Да откуда и взяться авторскому стилю, если не видно единой авторской темы, без которой, мы знаем, немыслим большой художник? Вот подсказал сценарист Спешнев Мопассана – и получилась
Пышка; захотел следом маршал Ворошилов переделку американского вестерна – вышло
Тринадцать. Еще дальше вышел, стыдно сказать,
Ленин в Октябре; в чистом виде "заказ собачий" - а Ромм, знай себе, радуется, что выполнил его в непосильные для других сроки... Кажется, и в этом вопросе Ромм – никакой не художник: мастеровой, главный интерес которого - сделать заказ добротно и вовремя; а что такое там ему принесли, не так уж и важно. Словом, "из материала заказчика".

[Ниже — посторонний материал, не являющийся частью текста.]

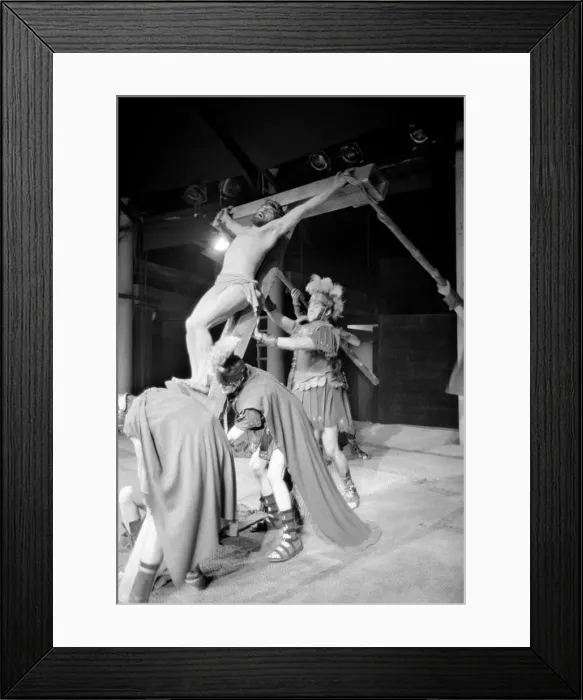 Framed Print : Religion Crucifiction of Jesus. Entertainment Theatre: The pictures show the Climax of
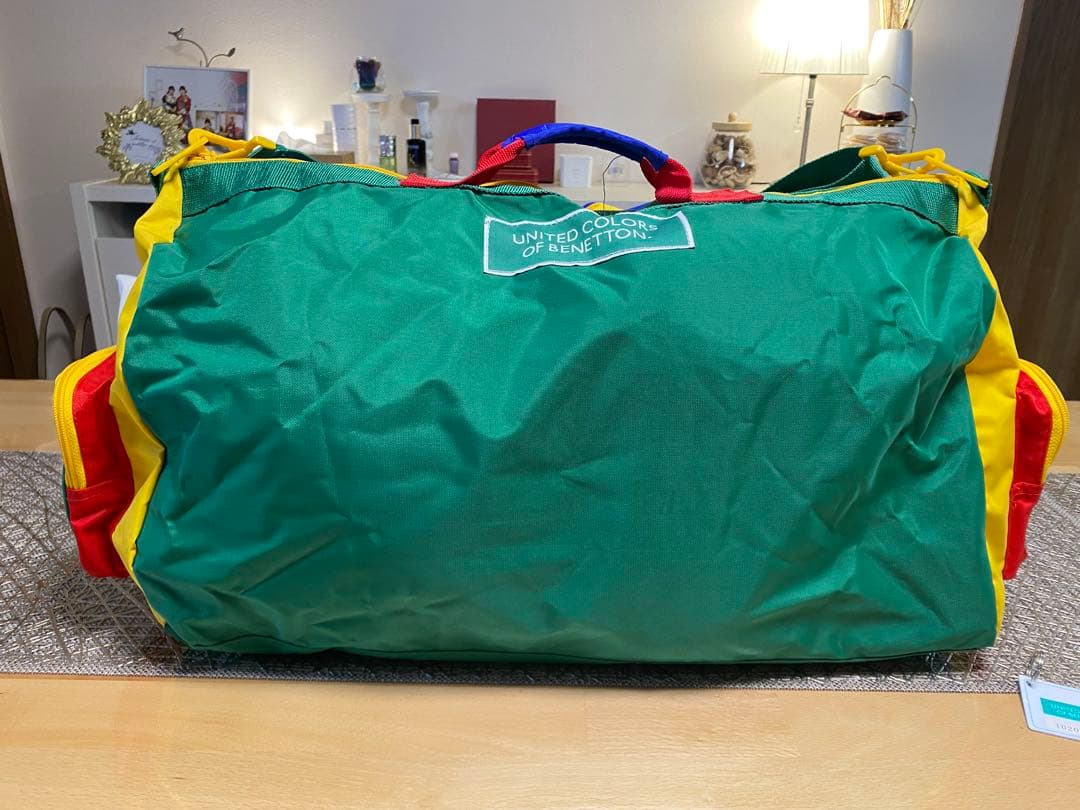 ベネトン BENETTON ボストンバッグ レア マルチカラー ダッフルバッグ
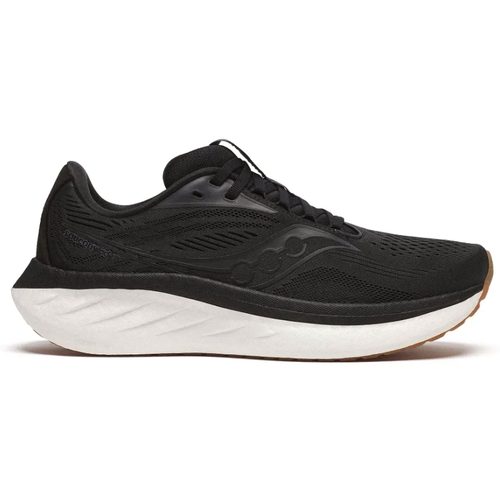 Women's Saucony Ride 18 - Black/Gum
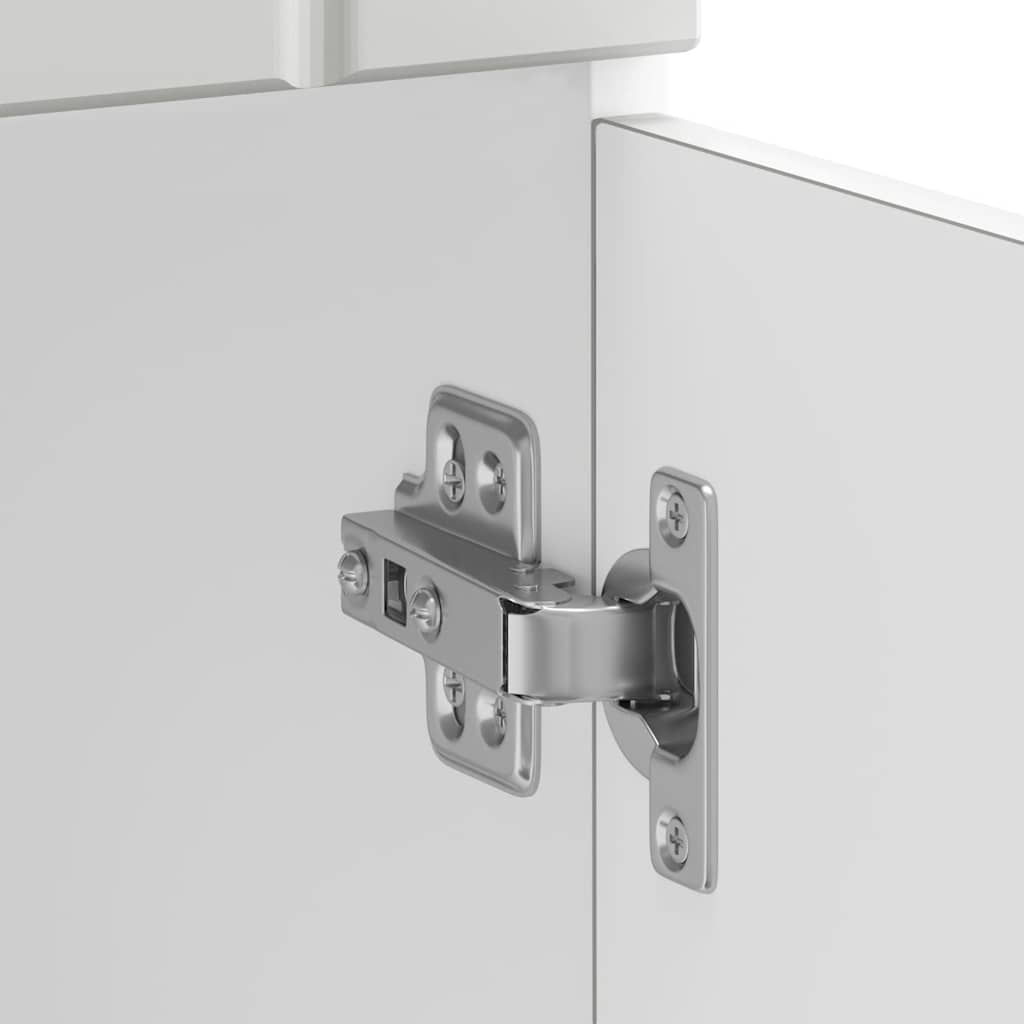 vidaXL ντουλάπι βάσης κουζίνας Lucca Λευκό κατασκευασμένο ξύλο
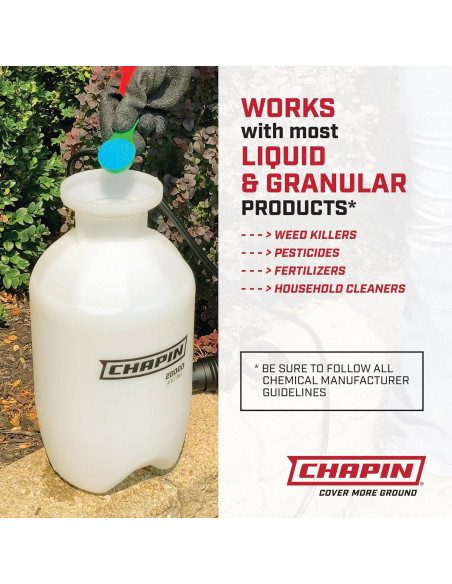 Pulverizador Chapin 20000 de 3.79L con boquilla ajustable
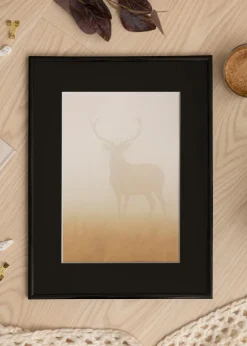 Ramme New Lifestyle Sort 40x80 cm - Passepartout Sort 30x74 cm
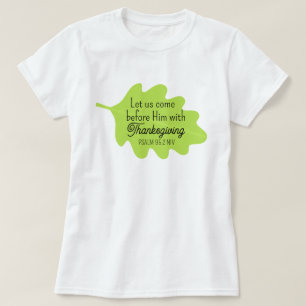 Thanksgiving Bläddra Oliv grönt Löv Autumma T Shirt
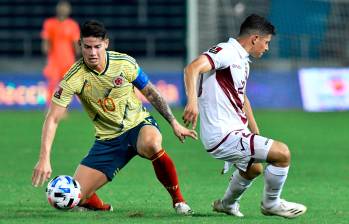 Colombia visita a Venezuela con la consigna de sumar tres puntos para mejorar su posición en la tabla y también en el Ranking FIFA. FOTO GETTY
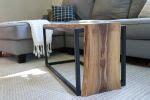 Live-Edge Walnut Waterfall Bench/coffee table by Hazel Oak Farms | Wescover Benches & Ottomans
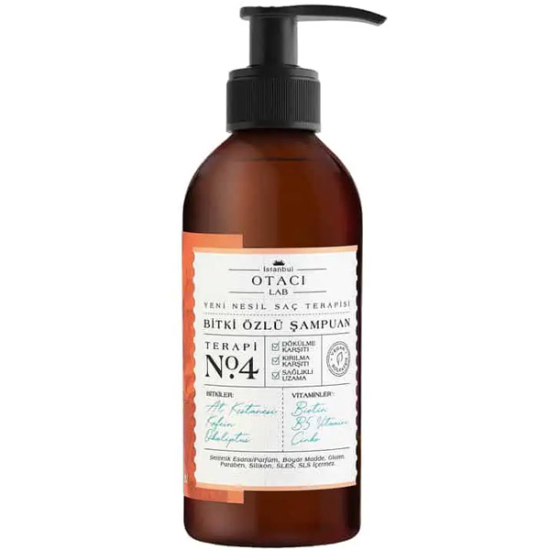 Otacı Lab Yeni Nesil Saç Terapisi Bitki Özlü Şampuan No4 250 ml - 1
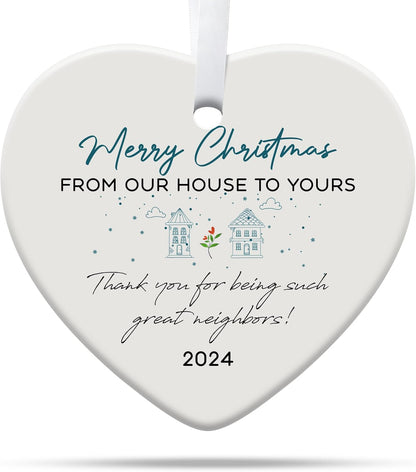 Friendship Gifts for Women, Best Friend, Funny, Work Besties, Sister, Friend Ornaments for Women, Ceramic Christmas Ornaments (Friend 2)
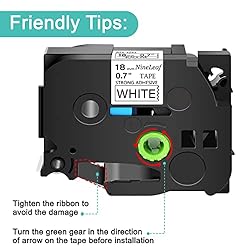 NineLeaf 2 Pack Compatible for Brother P-Touch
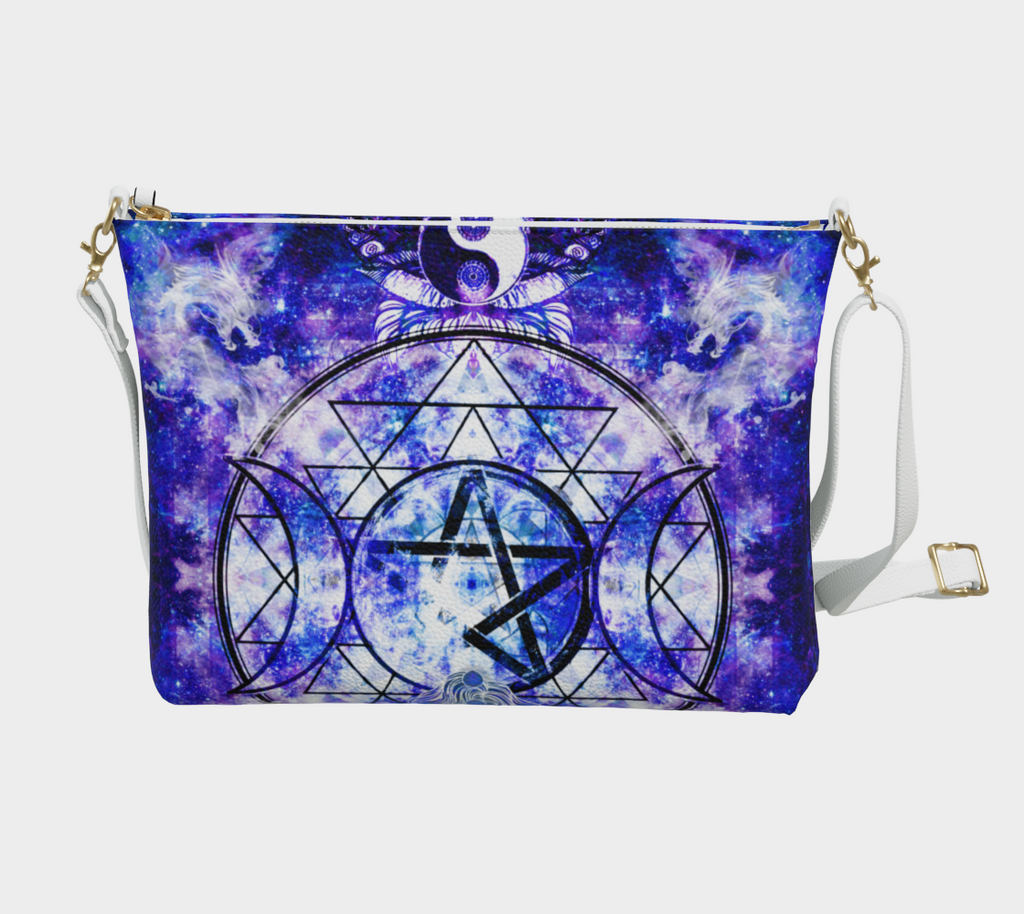 Amen Jin's Katerina's Dracularian Dragoness Magickal Awakening Meditations Vegan Leather Crossbody Purse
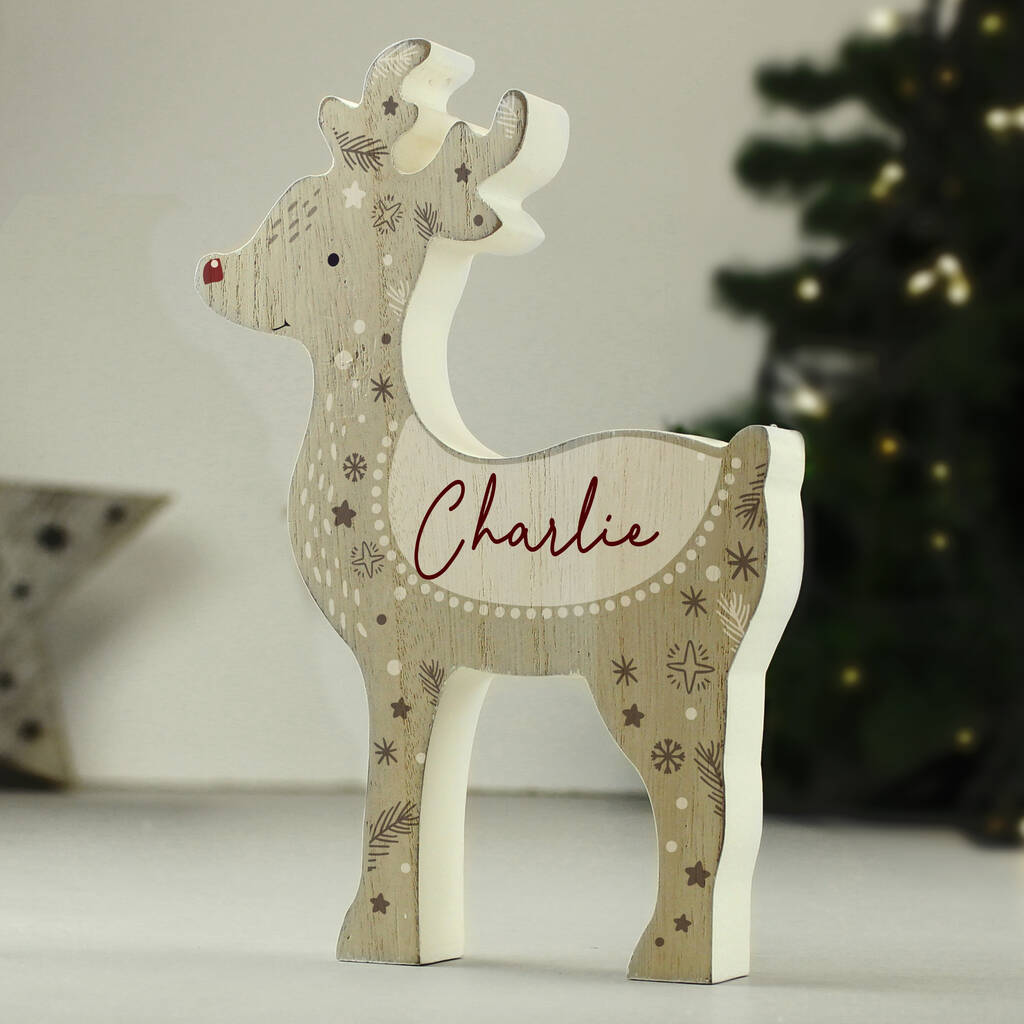 Baby's First Christmas Gift Personalised Reindeer Decoration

Непонятно только одно: зачем вот тогда и такому вот режиссеру так отчаянно нужна была
Пиковая дама?
Первое, что приходит в голову – так 37-й год же: столетие гибели Пушкина, все нормально, работаем заказ, еще один юбилей. Но нет: в этом году Ромм всего лишь пытается доделать начатое ранее; а начинает он
Пиковую даму - сам, без понуждений сверху, по своему собственному разумению – в 1935-м, сразу после
Пышки.
И вот еще что: именно там – не в
Тринадцати, в
Пиковой даме - в его картине впервые должна была появиться
Елена Кузьмина. А для всех тогдашних кинематографистов актриса Кузьмина была, конечно же, Манькой из потрясшей умы барнетовской
Окраины. Только вот у Ромма этой Маньке – Лизе предстояло встретить несколько другого немца.
Девушка-ребенок, которую взрослый мир страшных масок употребил обманом, да потом в такую же маску и превратил – вот, похоже, про что была бы роммовская
Пиковая дама: картина, от которой не осталось практически ничего и которая, тем не менее, становится общим знаменателем всего его творчества, позволяя увидеть во внешне случайном наборе фильмов и сквозную тему, и единый стиль.
Взять хотя бы ту же как бы невольную экранизацию Мопассана: наверное, походи хоть чуть-чуть на "пышку" худющая Кузьмина, быть бы ей у Ромма в ленте уже тогда – история-то про то же самое. Но и от роскошной
Галины Сергеевой режиссеру нужен, в первую очередь, не знаменитый бюст – дрожащие пухлые детские губы; дрожащие от непонятной и незаслуженной обиды. И здесь, наговорив красивых слов, употребили ... она у Ромма и проститутка-то прежде всего и именно потому, что всякий может ее безнаказанно употребить.
Но как продемонстрировать зрителю подлинные мотивы этих "всяких"? Конечно же, оторвав их словеса от не могущего лгать изображения; отбросив те за кадр – и, одновременно, приблизив камеру к лицу и глазам говорящего, на крупный и сверхкрупный планы. Вот эта вот работа - в рассинхрон и на предельных крупностях, в
Пышке пока что применяемая только иронически, и становится фирменным режиссерским приемом Ромма, из картины в картину развивающимся, зреющим, обрастающим новыми смысловыми возможностями и достигающим, наконец, подлинно трагедийного накала. (Так, к примеру, решен знаменитый кусок с потоком нейтронов из
9 дней одного года, где сверхкрупный план глаз
Баталова, в которых – знание о скорой смерти, пронзительным контрапунктом накладывается на звуки всеобщего ликования и собственные спокойные команды героя. Так же сделан режиссером и финал - завещание
Обыкновенного фашизма: там, итожа череду детских лиц, так завораживающих Ромма своей живой нерегламентированностью, сквозь девчоночий лепет про Курочку - Рябу проступают вдруг точно такие сверхкрупные планы глаз убиенных в концлагерях людей: нет, они не отменяют естественного хода жизни - просто навсегда теперь становятся ее подспудными соседями.)